Чацкий: Свежо предание, а верится с трудом...
Александр Андреич говорит о лизоблюдах, я же скажу о другом. Сталин умер, когда я уже родилась. Но так трудно поверить, что в реальности были эти многотысячные репрессии по разверстке, лесоповал, Колыма, ГУЛАГ. Поверить в это трудно, но так легко представить, что ЭТО вернулось...
Сегодняшние события в России уже слегка напоминают «процессы» 1930-х. И только от общества зависит, насколько далеко зайдет власть, до каких «низин», в которые нам будет трудно поверить, она увлечет вслед за собой общество...
Фамусов: Что за тузы в Москве живут и умирают!
Ну, про «тузов» мы наслышались, в особенности от Алексея Навального. Потряс меня видеоматериал ФБК о вице-спикере Мосгордумы, лидере правящей партии, Андрее Метельском.
По-настоящему сказочные у него богатства – а уж в каких волшебных дворцах может он проводить досуг, во дворце на Чистых прудах, в историческом дворце Штрудхольф в Вене... Ну и ну! Пожить в таком дворце – и умереть.
Но вот смотрю на фотографию Метельского – и как-то не по себе становится. Оплывшее, полное самодовольства, лишенное божьей искры лицо...
Видела в этот приезд в Москву таких типажей, они выделяются своей «похожестью» и могут быть как охранниками, так и высокими чиновниками и членами Думы. Это сегодняшние московские «тузы».
А в заключение выскажу несколько своих недоумений.
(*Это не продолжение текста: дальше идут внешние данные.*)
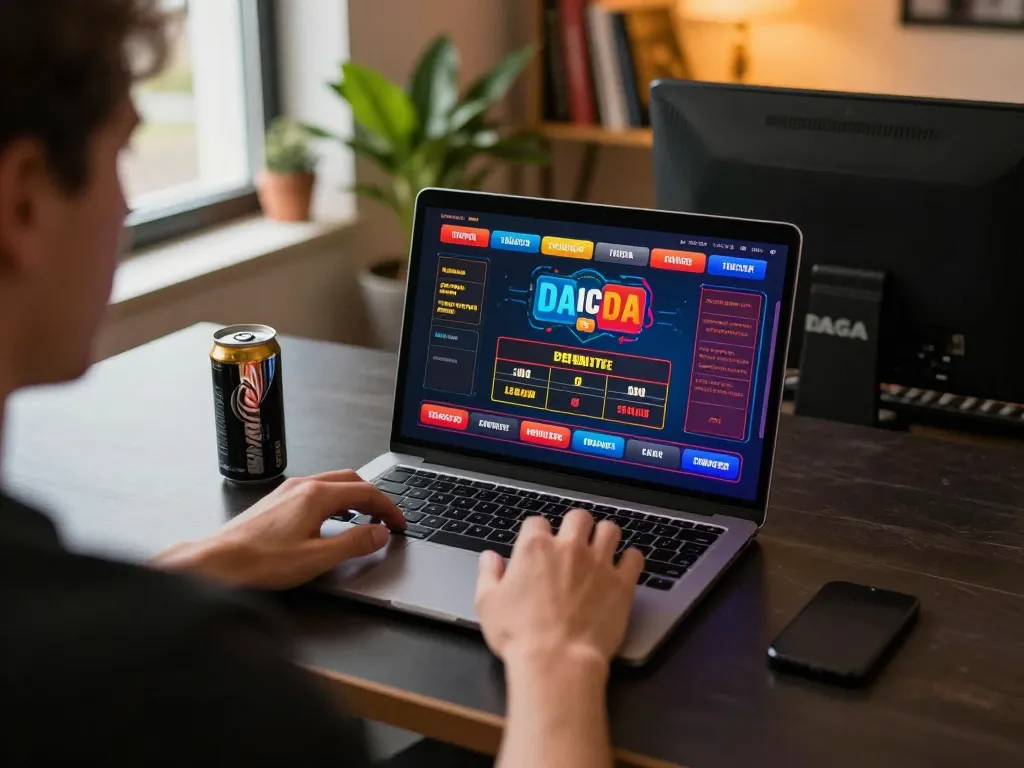 Engaging online gambling session on DAGA platform, featuring live betting interface and a gamer focused on strategy.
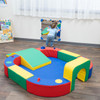Children's Factory Soft Play Ring with Tunnel and Slide, colorful soft play equipment in a playroom with a mirror and children's books nearby.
«Горе от ума» – уникальный образец пьесы в стихах. Всегда слежу за правильным чтением стихов, за соблюдением ритма и ударений. Не все в этот раз меня удовлетворило, но сейчас я о другом.
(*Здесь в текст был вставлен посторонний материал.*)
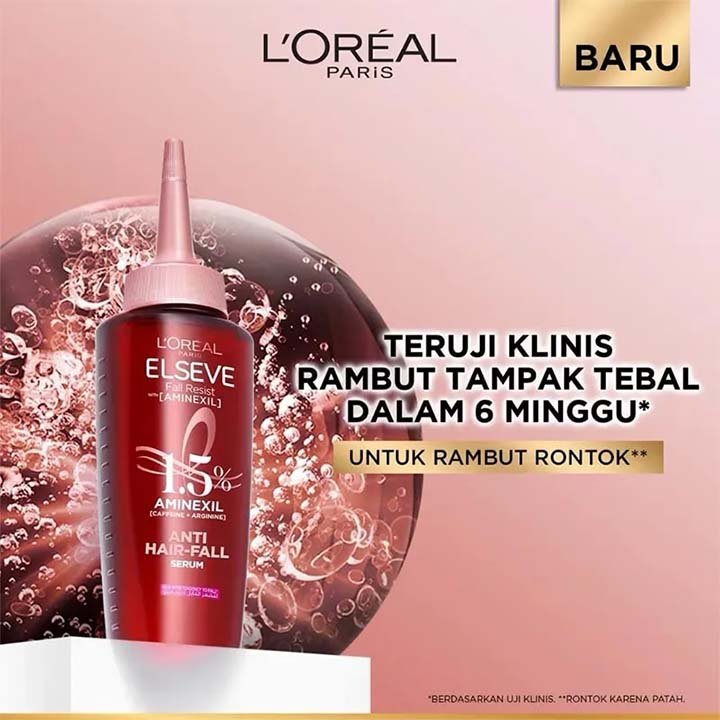 foto produk L'Oréal Paris Elseve Aminexil Anti Hair-Fall Serum untuk mencegah rambut rontok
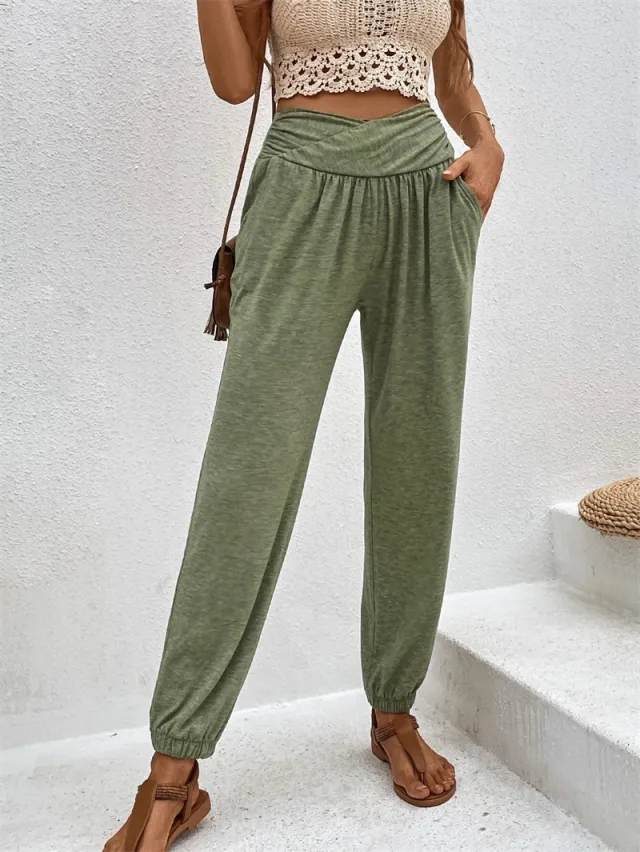 Casual Loose Pocket High Waist Ankle tied Trousers For Women Army Green - Shop at LoveMi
Есть два места в комедии, которые вызывают у меня вопрос. Вот они. Первое, когда Чацкий говорит Софье в ответ на ее злое замечание об его остром языке: «Вот новости. Я пользуюсь минутой – свиданьем с вами оживлен и говорлив; а разве нет времен, что я Молчалина глупее?»
Всю жизнь считала, что «разве нет времен» - это вопрос, где «времен» - искаженное от «времени». Но в этой постановке посчитали, что нужно прочитать реплику иначе, соответственно знакам препинания: «А разве нет времен, что я Молчалина глупее»?
Тут я теряюсь. По-моему, таких «времен», когда Чацкий глупее Молчалина, нет.
Второе местечко - из хрестоматийного монолога Чацкого «А судьи кто?»:
«И где не воскресят клиенты иностранцы прошедшего житья подлейшие черты».
В противовес утвердительной интонации, услышанной мною в спектакле, я считаю, что здесь интонация восклицательная – эти ужасные клиенты иностранцы ВЕЗДЕ могут воскресить прошедшего житья подлейшие черты! При другой трактовке фраза становится абсолютно непонятной.
А так это или не так, предлагаю вам подумать на досуге. Смотрите спектакль – гарантирую, что получите удовольствие!